I like to be busy.  I like to have things planned.  I like getting out of the house every day.  I love spending time with my children but I also need to have some adult conversation.  I need to get away from the daily grind of housework and dirty diapers and cooking… I need to talk to people who understand. 

Lately though, I have felt too busy.  I’ve been overwhelmed with all that needs to be done at home.  So I have scaled back on my commitments and plans.  A lot.  I haven’t been to playgroup in three weeks.  I’m trying to find balance.  It has been so difficult.  I know I need to build some solitude into my day.  I know I need to spend more time with the Lord.  But I struggle with that too.  Sometimes, especially during these “low” times, I need “Jesus with skin on”.  I need people.  I also need to not feel so busy and overwhelmed.  So where is the balance?  I have no idea.

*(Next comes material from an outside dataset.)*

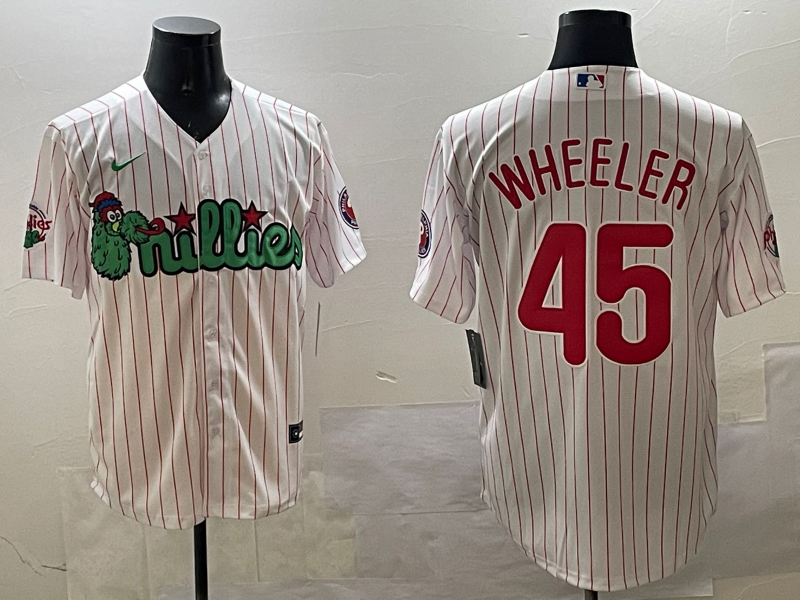 Men's Philadelphia Phillies Zack Wheeler #45 White Replica Team Jerseys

I’m not sure, but I think maybe friends don’t often worry about me because I’m so good at reaching out.  I always call.  I always text.  I always invite.  But I’m getting tired.  I hate to admit it but I’m in a season of need rather than give.  I want to give.  I want to serve.  I want to reach out.  But I’m so empty at the moment that it takes everything out of me to do it.  When my counselor suggested that I stop having people over unless they can bring lunch, I drew back in horror.  Are you kidding?!  My M.O. has always been to cook and bake and love on people in that way. I love serving people.  I love baking and allowing my friends to enjoy a warm piece of banana bread.  That in itself is a feel-good activity for me.  I had a hard enough time accepting meals and help when my infant daughter was sick!  Now I have to tell people to bring lunch if they visit?!  No way!  To be brutally honest, a little part of me worries that friends may not want to come if there are “conditions”.  That’s totally my insecurity speaking… the fear that no one cares beyond what I do for them.  I know it’s not true but in my loneliness, those are the thoughts that come to mind.  

I just wish I wasn’t feeling this way… So I will continue to search for balance.  Rest.  Rejuvination.  And I’ll continue to survive.  That’s what moms do, don’t they?  They survive.  I’m hoping I can more than just survive though.  I’d like to thrive.  I know God wants that for me.  I'm very excited to be going away overnight next weekend with a friend to a Women's conference.  I'm sure I'll find some answers there.  At the very least, it will be the time of refreshing I have been needing.  I just need to hang on another three days...


What about you?  How do you recharge?  Have you found that balance?  What is your primary love language?  Are you in extrovert like me?  Or an introvert?  I’d love to hear your thoughts.   

Friday, 11 October 2013

A Picture of God

If they gave out an award for the worst mother in the universe, I’m pretty sure I would have received it this week.  I had been having an absolutely horrible day (counseling in the morning which brought up a bunch of things, an argument, that feeling of being totally overwhelmed, a migraine and just feeling completely DOWN) so when it came time to drive my five year old to Sparks (Girl Guides for 5 yr olds), I just couldn’t bring myself to do it.  I called a friend whose daughter is in the same Sparks unit and asked her to pick my daughter up and bring her home.  She said she would.  When she came to the door to get my daughter, my friend mentioned she would take some pictures.  I said, “Sure, okay, thanks,“ but was thinking, “Why?  It’s just a regular meeting…”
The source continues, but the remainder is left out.